A label indexer that maps a string column of labels to an ML column of label indices. If the input column is numeric, we cast it to string and index the string values. The indices are in [0, numLabels). By default, this is ordered by label frequencies so the most frequent label gets index 0. The ordering behavior is controlled by setting stringOrderType. Its default value is ‘frequencyDesc’.

In [None]:
stringIndexer = StringIndexer(
    inputCol="label", outputCol="indexed",
    stringOrderType="frequencyDesc",
    handleInvalid='error')

handleInvalid = Param(parent='undefined', name='handleInvalid', doc="how to handle invalid data (unseen or NULL values) in features and label column of string type. Options are 'skip' (filter out rows with invalid data), error (throw an error), or 'keep' (put invalid data in a special additional bucket, at index numLabels).")¶

stringOrderType = Param(parent='undefined', name='stringOrderType', doc='How to order labels of string column. The first label after ordering is assigned an index of 0. Supported options: frequencyDesc, frequencyAsc, alphabetDesc, alphabetAsc. Default is frequencyDesc. In case of equal frequency when under frequencyDesc/Asc, the strings are further sorted alphabetically')

In [None]:
td = model.transform(stringIndDf)
sorted(set([(i[0], i[1]) for i in td.select(td.id, td.indexed).collect()]),
    key=lambda x: x[0])

In [None]:
inverter = IndexToString(inputCol="indexed", outputCol="label2", labels=model.labels)
itd = inverter.transform(td)
sorted(set([(i[0], str(i[1])) for i in itd.select(itd.id, itd.label2).collect()]),
    key=lambda x: x[0])

stringIndexerPath = temp_path + "/string-indexer"
stringIndexer.save(stringIndexerPath)
loadedIndexer = StringIndexer.load(stringIndexerPath)
loadedIndexer.getHandleInvalid() == stringIndexer.getHandleInvalid()

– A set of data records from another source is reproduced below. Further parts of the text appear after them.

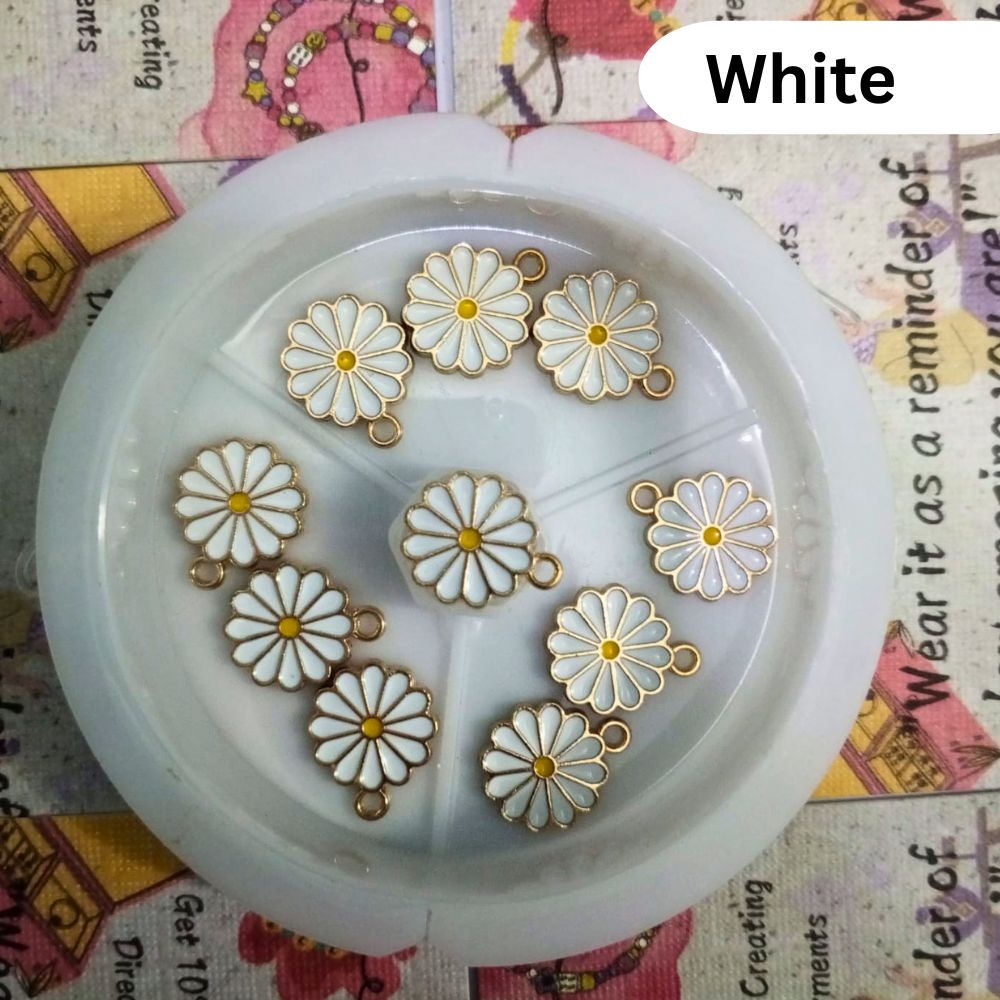 Mini Daisy  Enamel Charms Size 1.5cm
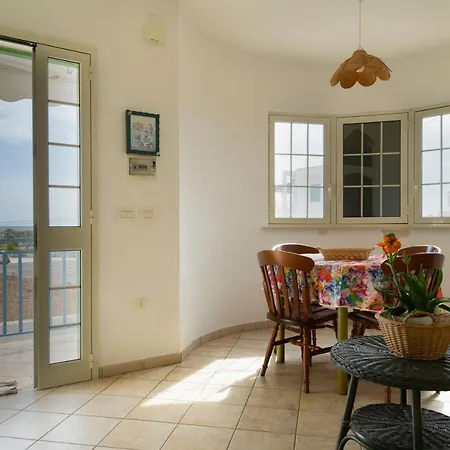 Semesterbostad Bambu'-pescoluse Marina Di Pescoluse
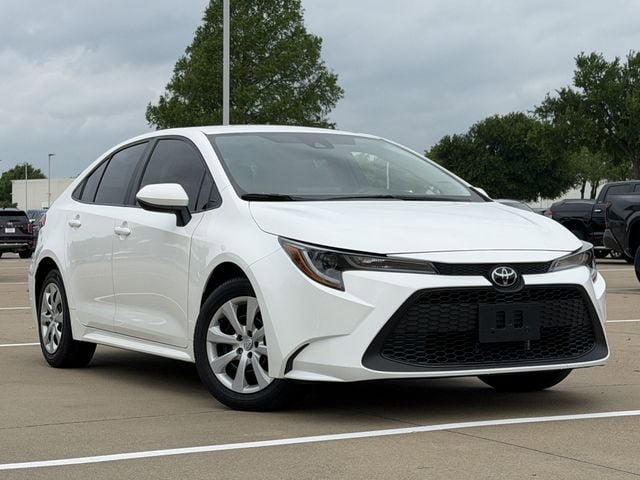 Certified 2022 Toyota Corolla LE image 2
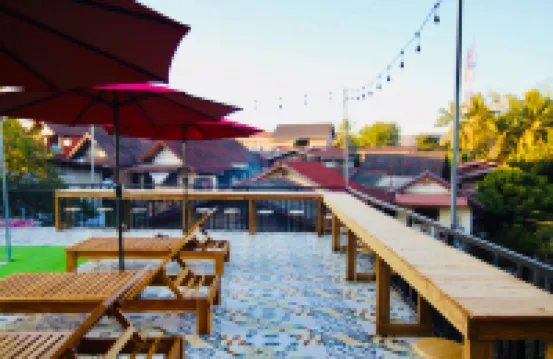 Chanthavong Hostel Hoteles cerca de Phousi Market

modelPath = temp_path + "/string-indexer-model"
model.save(modelPath)
loadedModel = StringIndexerModel.load(modelPath)
loadedModel.labels == model.labels

indexToStringPath = temp_path + "/index-to-string"
inverter.save(indexToStringPath)
loadedInverter = IndexToString.load(indexToStringPath)
loadedInverter.getLabels() == inverter.getLabels()

loadedModel.transform(stringIndDf).take(1) == model.transform(stringIndDf).take(1)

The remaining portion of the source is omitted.